DATA TO PROCESS ::
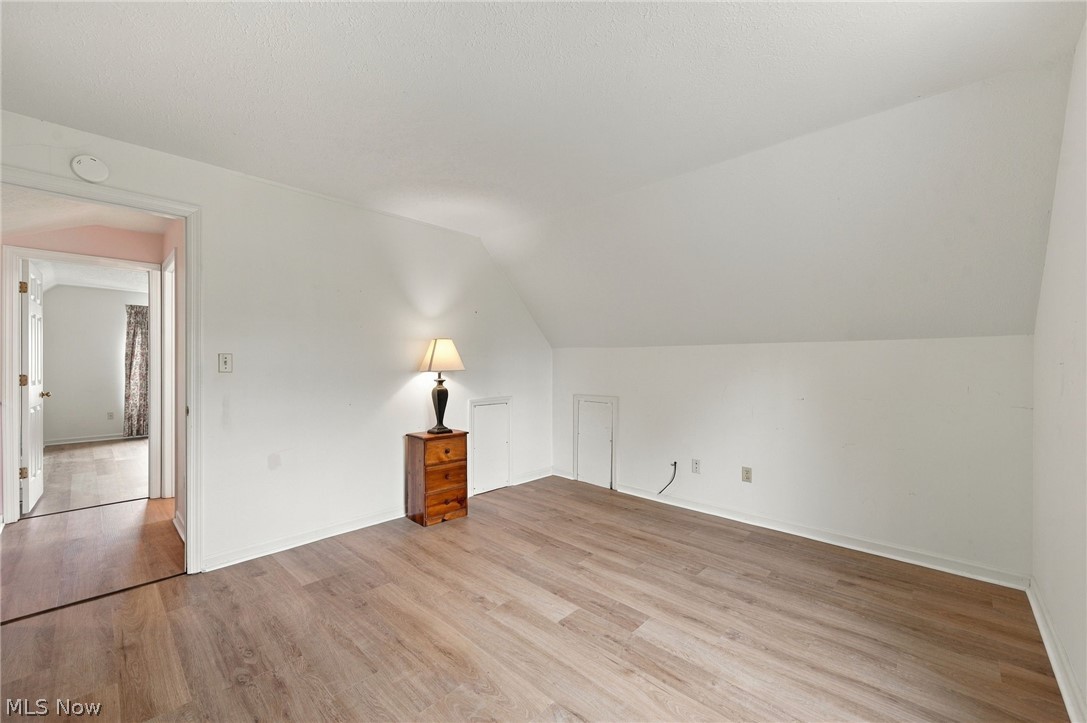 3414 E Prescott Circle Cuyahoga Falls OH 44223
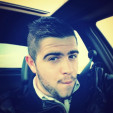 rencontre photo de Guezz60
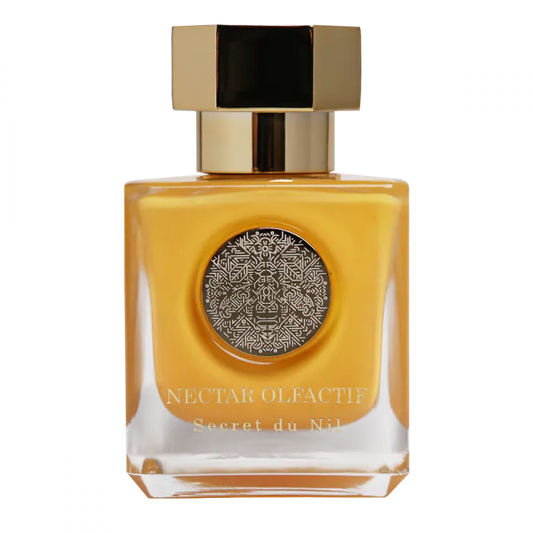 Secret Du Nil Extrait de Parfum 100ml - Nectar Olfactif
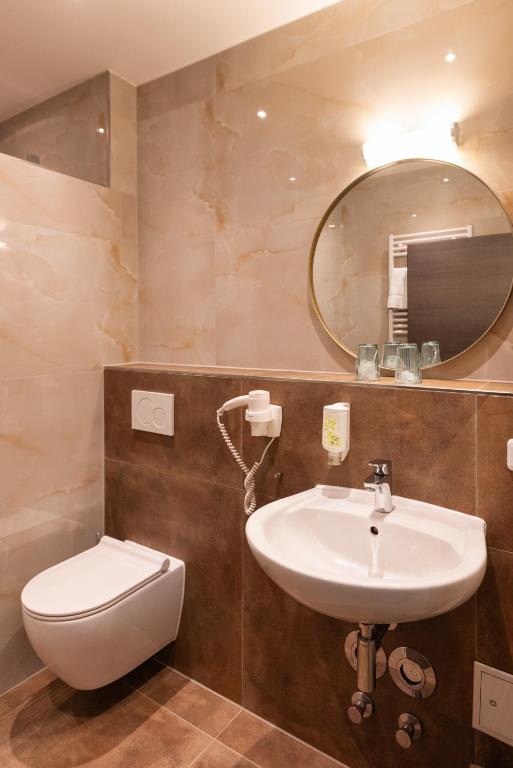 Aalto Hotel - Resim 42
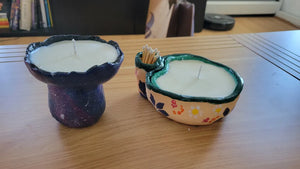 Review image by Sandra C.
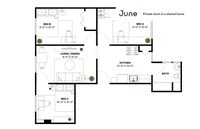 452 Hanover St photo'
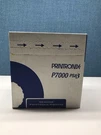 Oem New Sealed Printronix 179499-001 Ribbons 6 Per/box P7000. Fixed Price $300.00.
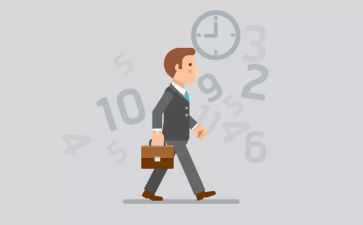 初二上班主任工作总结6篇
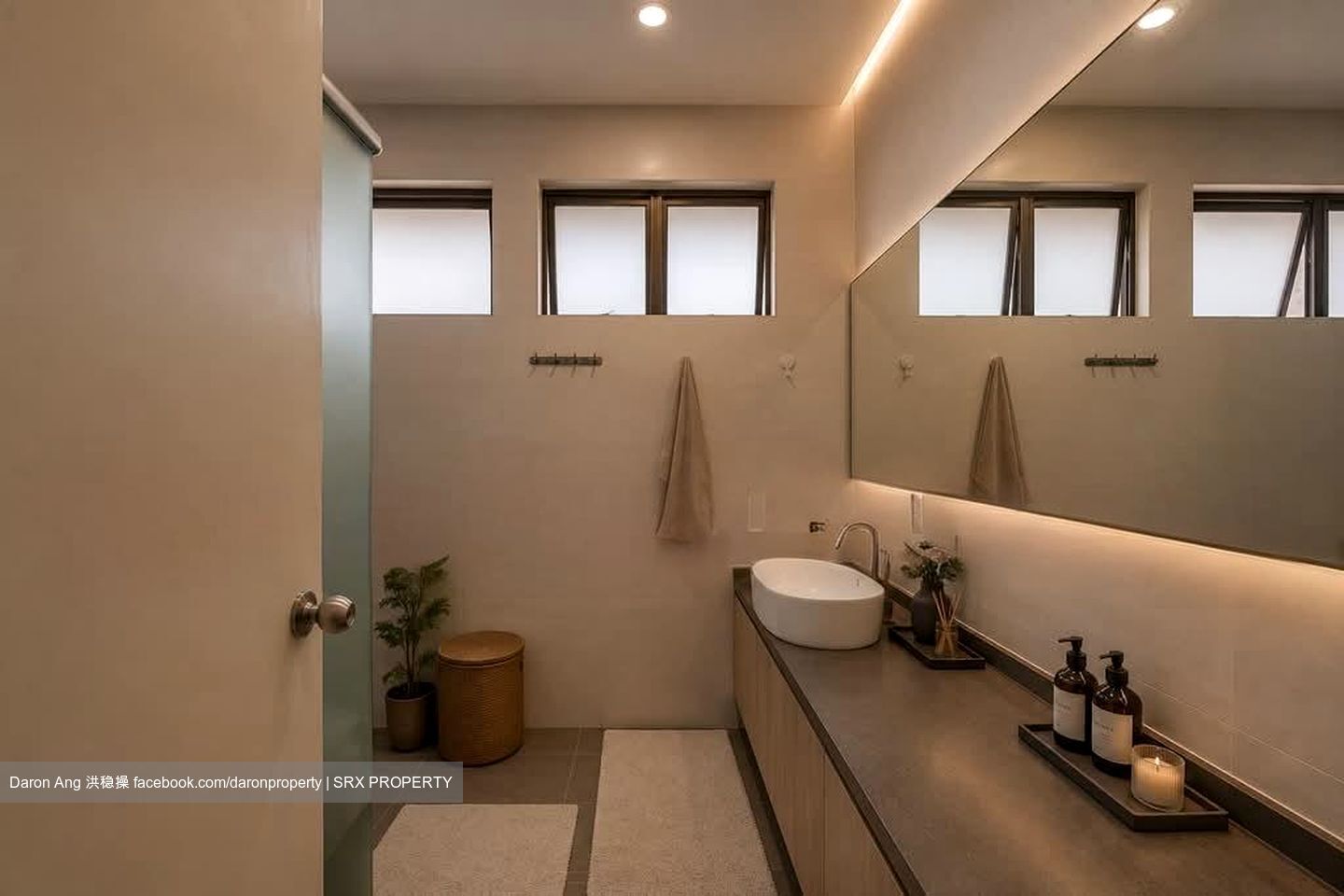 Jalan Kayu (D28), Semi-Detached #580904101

TO DO ::
Word for word, print out all of the records above; pass over the pictures.

SOLUTION TO THIS EXERCISE ::
 3414 E Prescott Circle Cuyahoga Falls OH 44223
 rencontre photo de Guezz60
 Secret Du Nil Extrait de Parfum 100ml - Nectar Olfactif
 Aalto Hotel - Resim 42
 Review image by Sandra C.
 452 Hanover St photo'
 Oem New Sealed Printronix 179499-001 Ribbons 6 Per/box P7000. Fixed Price $300.00.
 初二上班主任工作总结6篇
 Jalan Kayu (D28), Semi-Detached #580904101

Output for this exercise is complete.